Auditing machine learning while preserving privacy requires evaluation protocols that combine formal privacy guarantees, adversarial testing, and cryptographic safeguards. These protocols are relevant because models trained on sensitive data can leak personal information, causing legal, cultural, and individual harms; understanding causes and consequences helps design audits that protect vulnerable groups and respect territorial regulations such as GDPR enforced by the European Data Protection Board.
Core protocols
At the foundation is differential privacy, a mathematically rigorous framework developed by Cynthia Dwork Harvard University and Aaron Roth University of Pennsylvania that quantifies privacy loss through a parameter often called epsilon. Differential privacy is used both during training and when releasing evaluation metrics so that audit outputs do not reveal individual records. Complementing this are cryptographic techniques: secure multi-party computation and homomorphic encryption allow distributed evaluations where raw data never leaves its owner, following principles pioneered by researchers such as Craig Gentry IBM Research for homomorphic encryption. For iterative or cross-silo workflows, federated evaluation promoted by Brendan McMahan Google enables auditors to compute model statistics across custodians without centralizing sensitive data.

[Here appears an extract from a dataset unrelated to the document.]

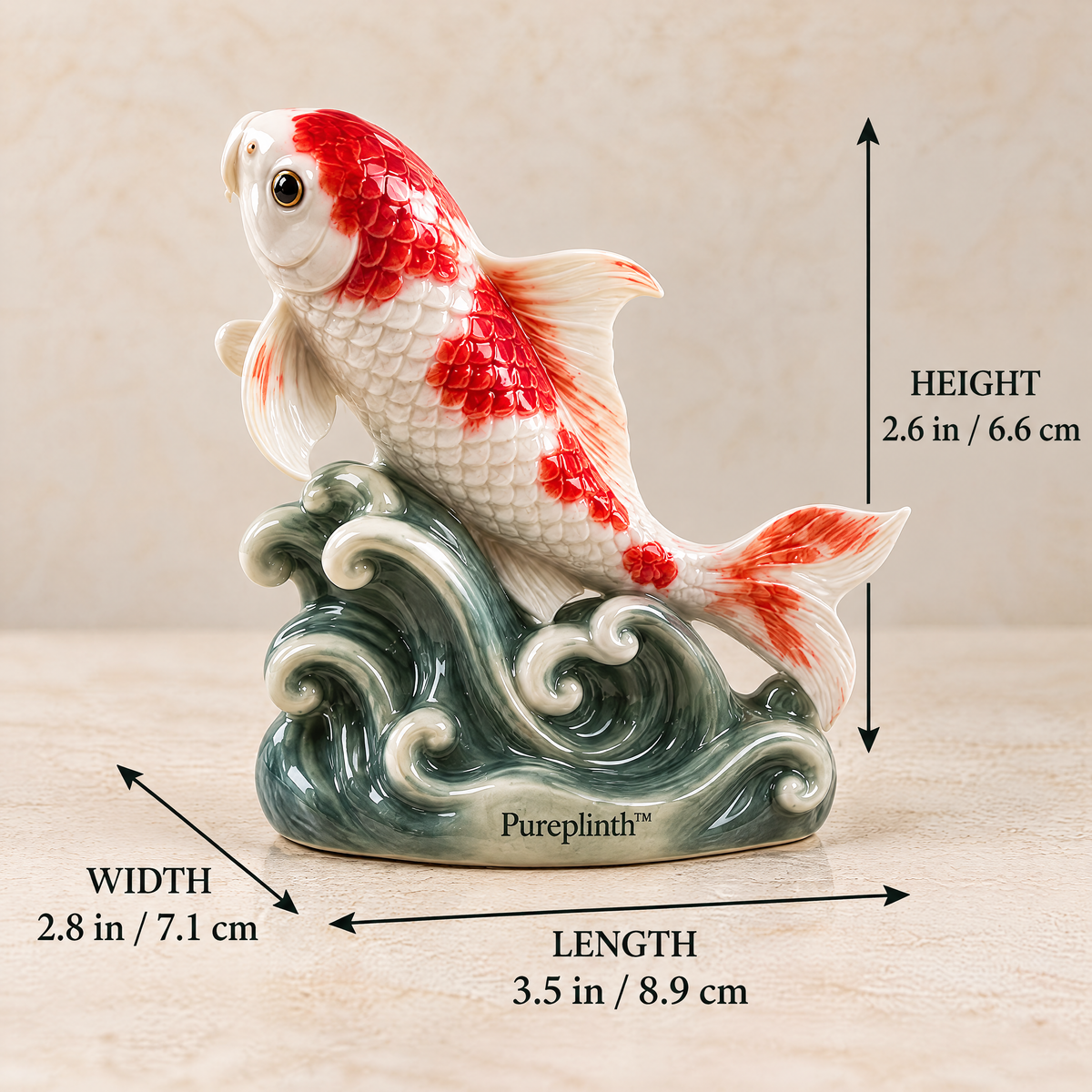 Pureplinth™ Riverstone Koi – Ceramic Koi Fish & Wave Figurine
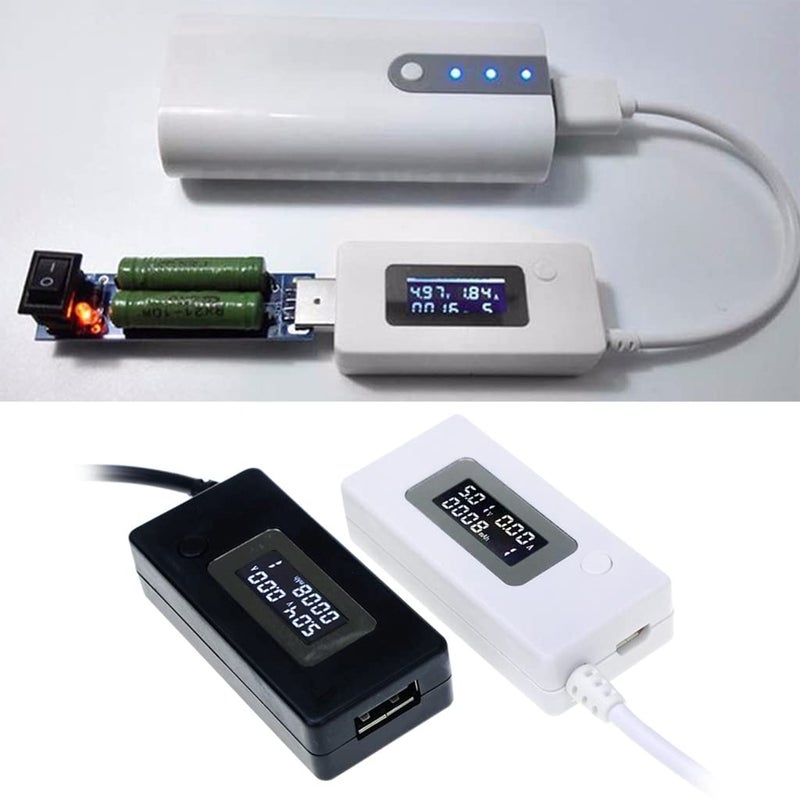 White USB Power Capacity Tester Voltage Amps Meter LCD Panel Monitor Gauge Voltmeter Ammeter - Image 3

Evaluation protocols and metrics
Privacy-preserving audits combine formal guarantees with empirical tests. Auditors run controlled membership inference and attribute inference probes to measure leakage; foundational work from Reza Shokri Cornell Tech demonstrated how such attacks reveal overfitting and memorization risks. Protocols should report both formal parameters like epsilon and empirical attack success rates, contextualized by model utility so stakeholders see the trade-off between privacy and accuracy. Cryptographic attestation and reproducible audit logs using secure enclaves or zero-knowledge proofs enable third parties to verify that an audit followed agreed protocols without exposing raw inputs. Standards guidance from the National Institute of Standards and Technology helps structure these processes and align them with organizational risk assessments.
Careful protocol design must consider causes and consequences: models trained on underrepresented communities may disproportionately leak sensitive attributes, creating cultural and territorial harms if data crosses borders. Environmental costs arise because repeated, privacy-safe audits often require more computation; auditors should balance sustainability by sampling audits and using cost-aware DP mechanisms. Combining formal privacy, adversarial testing, and cryptographic transparency yields audits that preserve individual privacy while producing verifiable evidence for regulators, affected communities, and system designers — a necessary practice to maintain trust and reduce harm in real-world deployments.